Creativity Is a Process, Not an Event!

In the year 1666, one of the most famous scientists in history was rambling through a garden when he was struck with a flash of creative brilliance that would transform the world.

While standing under the shade of an apple tree, Isaac Newton saw an apple fall to the ground. Newton wondered that “Why should that apple always descend perpendicularly to the ground,” “Why should it not go sideways, or upwards, why just constantly to the centre of earth? The reason is that the earth sweeps it. There must be a sweeping power in matter.”
And thus, the concept of gravity was studied.
The story of the falling apple has become one of the lasting and iconic examples of one of this creative moment. It is a symbol of inspired genius that fills your brain during those “eureka moments” when creative conditions are just correct.
What most people forget is that Newton worked on his ideas about gravity for nearly aboug twenty years until; he published his innovating book, The Principia: Mathematical Principles of Natural Philosophy. The falling apple was merely the beginning of this tradition of thought that continued for decades.
Newton isn't the only one scientist to wrestle with a great idea for years. Creative thinking is a process for all of us to understand.

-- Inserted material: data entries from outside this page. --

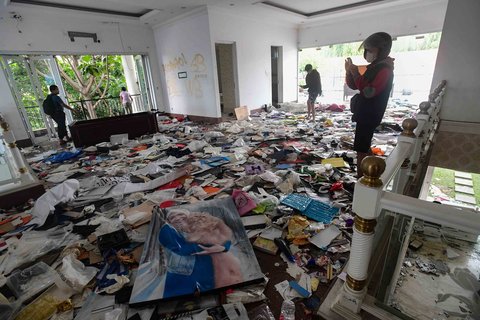 Sejumlah warga menyaksikan  rumah Anggota DPR Surya Utama atau Uya Kuya yang berantakan  setelah dirusak massa tak dikenal di Pondok Bambu, Jakarta Timur, Minggu (31/8/2025).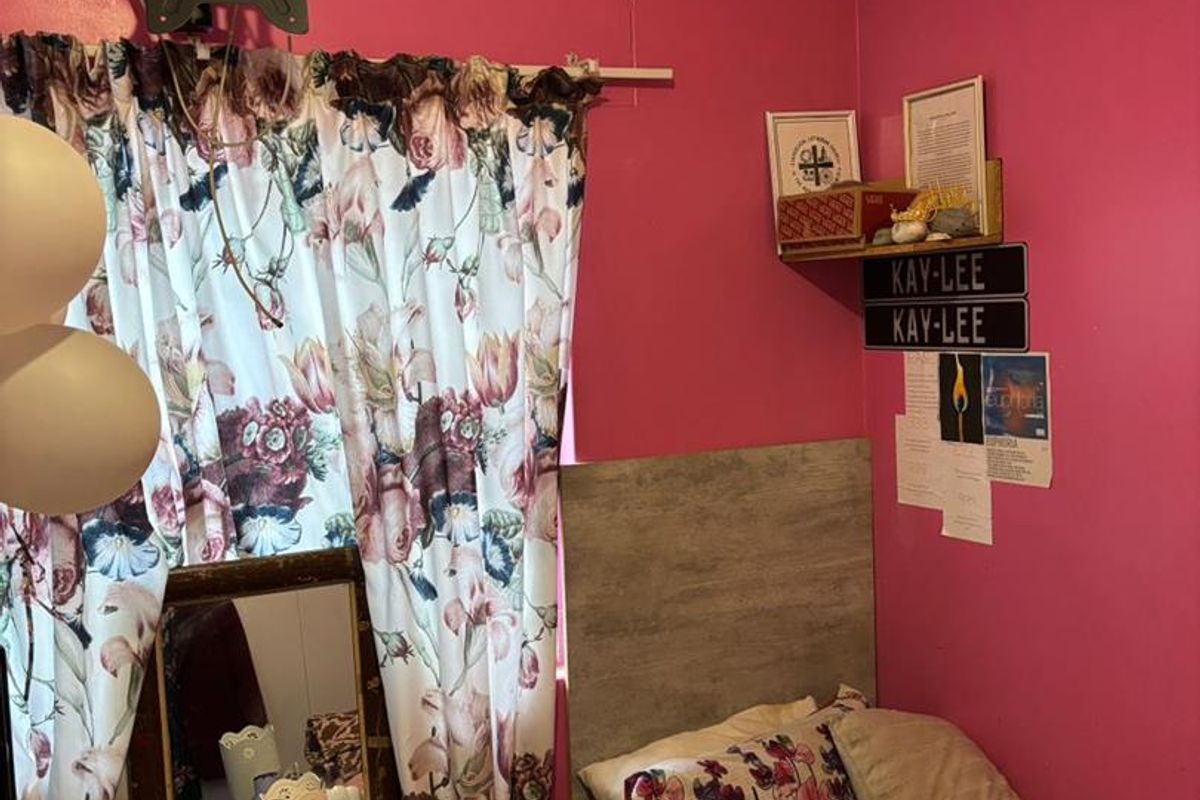 A bedroom featuring a built-in headboard and wall-mounted television bracket, currently finished with vibrant pink wall paint.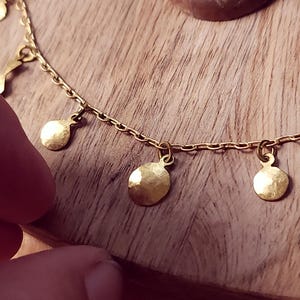 May include: A gold-toned chain necklace featuring multiple small, circular, hammered metal charms suspended at regular intervals along the length of the chain. The charms have a reflective, textured surface and are attached to the chain with small jump rings.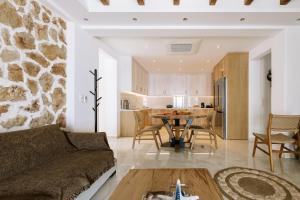 a living room with a couch and a table at Naxos Royal Villas in Stelida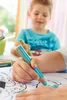 A child and an adult are coloring with pencils. Voir les images du produit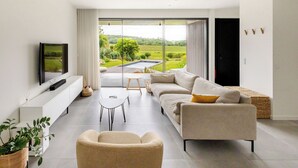 Un salon moderne doté d’une grande porte-fenêtre coulissante donnant accès à une piscine et offrant une vue sur le jardin.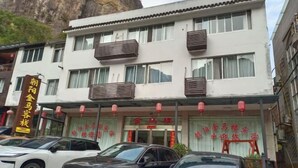 A hotel with a white facade, multiple balconies, and a signboard in a foreign language. - Jinmalou Hotel (Yueqing)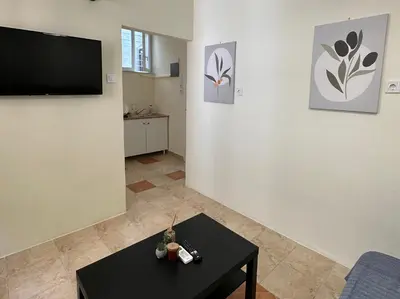 a living room with a table and a flat screen tv at Heart of Athens thiseio (2) in Athens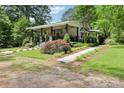 Inviting home with a covered front porch, stone pillar accents, and meticulously landscaped front yard at 1737 Hwy 109 N Hwy, Troy, NC 27371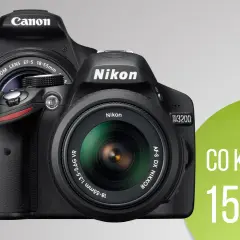 Dwa aparaty cyfrowe: Canon i Nikon, z obiektywami.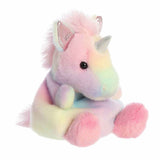 Pastel-colored unicorn plush toy on a white background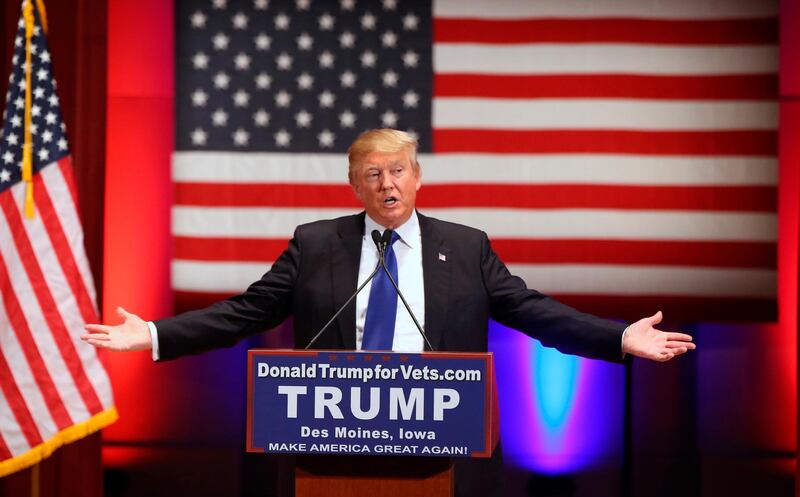 FILE - In this Jan. 28, 2016 file photo, Donald Trump speaks behind a DonaldTrumpforVets.com sign at a fundraising event in Des Moines, Iowa, at Drake University during Trump's campaign for president. New York Attorney General Barbara Underwood filed a lawsuit Wednesday June 13, 2018, accusing Trump of illegally using his charitable foundation to pay legal settlements related to his golf clubs and to bolster his presidential campaign. The complaint said the Iowa event, held in lieu of Trump participating in a televised debate the same day, which billed itself as allowing donors to make charitable contributions to veteransâ€™ organizations was, in reality, a Trump campaign event in which the Trump Foundation shouldnâ€™t have participated. (AP Photo/Andrew Harnik, File)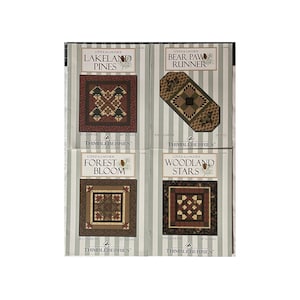 May include: Four quilt patterns from Lodge & Lakeside's Thimbleberries collection. The patterns are "Lakeland Pines", "Bear Paw Runner", "Forest Bloom", and "Woodland Stars". Each pattern features a different design with a rustic, woodland theme.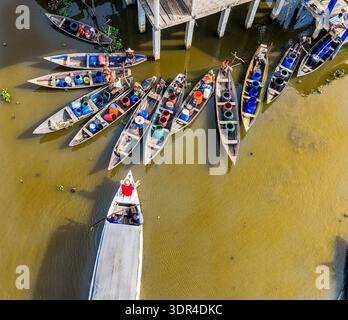 Vista aerea delle barche raggruppate sull'acqua, i loro colori vivaci contrastano con i toni terrosi dell'acqua e le strutture in legno ab Foto Stock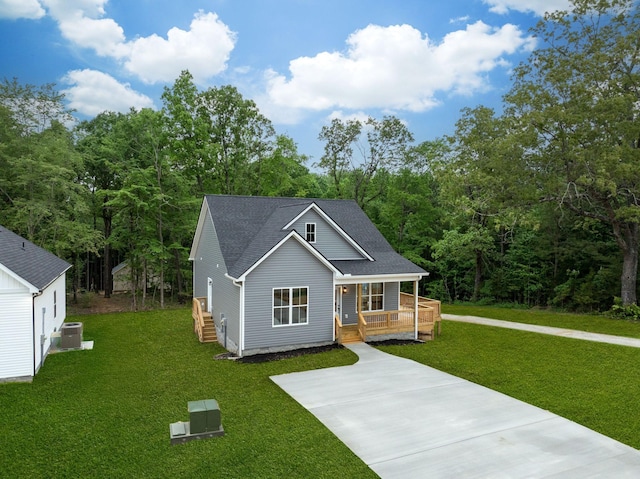 85 Truform Way, Dickson, TN 37055 - view of front facade with covered porch, central AC, a front lawn, roof with shingles, and driveway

The list of mistakes that you can never recover is very short. I think most of us realize this on some or other level. We know that our lives will not be destroyed if that book we write doesn't sell or if we get converted down by a potential date or if we forget someone's name when we introduce them. It's not necessarily what comes after the event that bothers us. It is the possibility of looking stupid, or dealing with embarrassment along the way that prevents us from getting started at all.